The increases bring annual tuition to $12,254 at Urbana-Champaign, $10,776 at Chicago, and roughly $9,502 at Springfield.
But on the same day it approved the tuition increases, the board also boosted Killeen’s pay from a $600,000 base salary plus a $100,000 performance-based annual bonus to a flat $835,000 in cash each year, according to a university statement, which notes that the "incentive pay will become part of his base salary."
James Toscano, president of Partners for College Affordability and Public Trust, a group that advocates for lowering college costs, told Education Dive in an email that leaders of the system "should be applauded" for holding the line on tuition for six years.
But it should concern all Illinois residents that the trustees are breaking the trend, even though the increase is below the rise in the consumer price index, Toscano wrote in his email.
"Trustees are sending the wrong message to the public about their priorities by giving a whopping pay increase to the president at the same time they ask students to pay higher tuition bills," he wrote.
The financial summary notes "a challenging fiscal environment in the state," though the Chicago Tribune reported last year that Illinois public colleges and universities got a boost in funding in the last state budget not seen in nearly 30 years.
Higher ed funding rose by more than 8%, or $154 million, the biggest year-over-year hike since 1990, according to the publication. The state’s total higher ed investment is roughly $2 billion.
College leaders have long lamented stagnant or declining state funding. A report last fall from the Pew Charitable Trusts found per-student funding among states dropped by 31% between 2000 and 2015.
But the outlook for the coming years is brighter. State funding was up 5% in 2020, the biggest annual increase in five years, with growth in all but three states, according to the most recent Grapevine report from the Center for the Study of Education Policy at Illinois State University and the State Higher Education Executive Officers Association.

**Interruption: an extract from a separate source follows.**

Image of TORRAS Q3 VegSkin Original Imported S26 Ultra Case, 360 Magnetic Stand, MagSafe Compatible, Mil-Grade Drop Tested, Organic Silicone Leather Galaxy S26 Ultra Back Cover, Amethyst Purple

The system has also seen enrollment growth in the last decade, from 76,886 students in the fall of 2010 to 89,270 students in the fall of 2019. System officials have attributed the "record" enrollment spike in the last five years to a tuition freeze that went into effect shortly after Killeen took office. Enrollment grew by 7,420 students from the fall of 2014 — when in-state tuition increased last — to the fall of 2019.
With the ballooning costs of college, individual institutions and systems have looked to tuition freezes to attract students.

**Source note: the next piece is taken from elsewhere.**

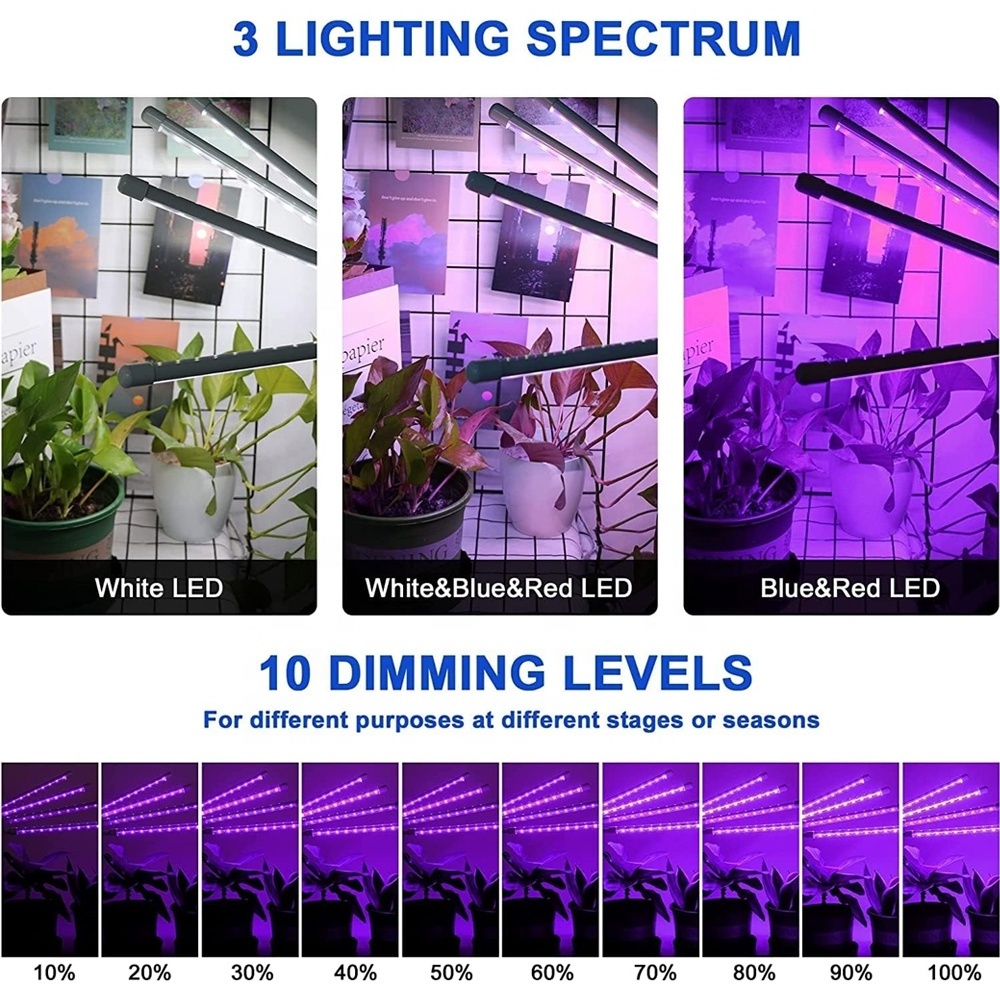 Grow Lights For Indoor Plants Full spectrum Dimmable LED Growth Lighting 4 Tubes Can Be Timed Smart APP Control Plant Lights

Virginia was able to keep tuition flat for in-state students for the first time in two decades last year with a $53 million cash infusion from the state.
Pennsylvania also recently froze tuition for the first time in 20 years for its system of 14 public colleges and universities. One member of the Pennsylvania State System of Higher Education board of governors called it "a dramatic move," according to The Philadelphia Inquirer.
Several states have also invested in tuition-free programs for community colleges in the hopes of making higher ed more affordable. And the concept has expanded to four-year institutions as well, with several in the last few years adding or expanding tuition support for low-income students. Among them is the University of Illinois at Urbana-Champaign, which this past fall began offering free tuition to in-state freshmen whose families make less than $61,000 a year.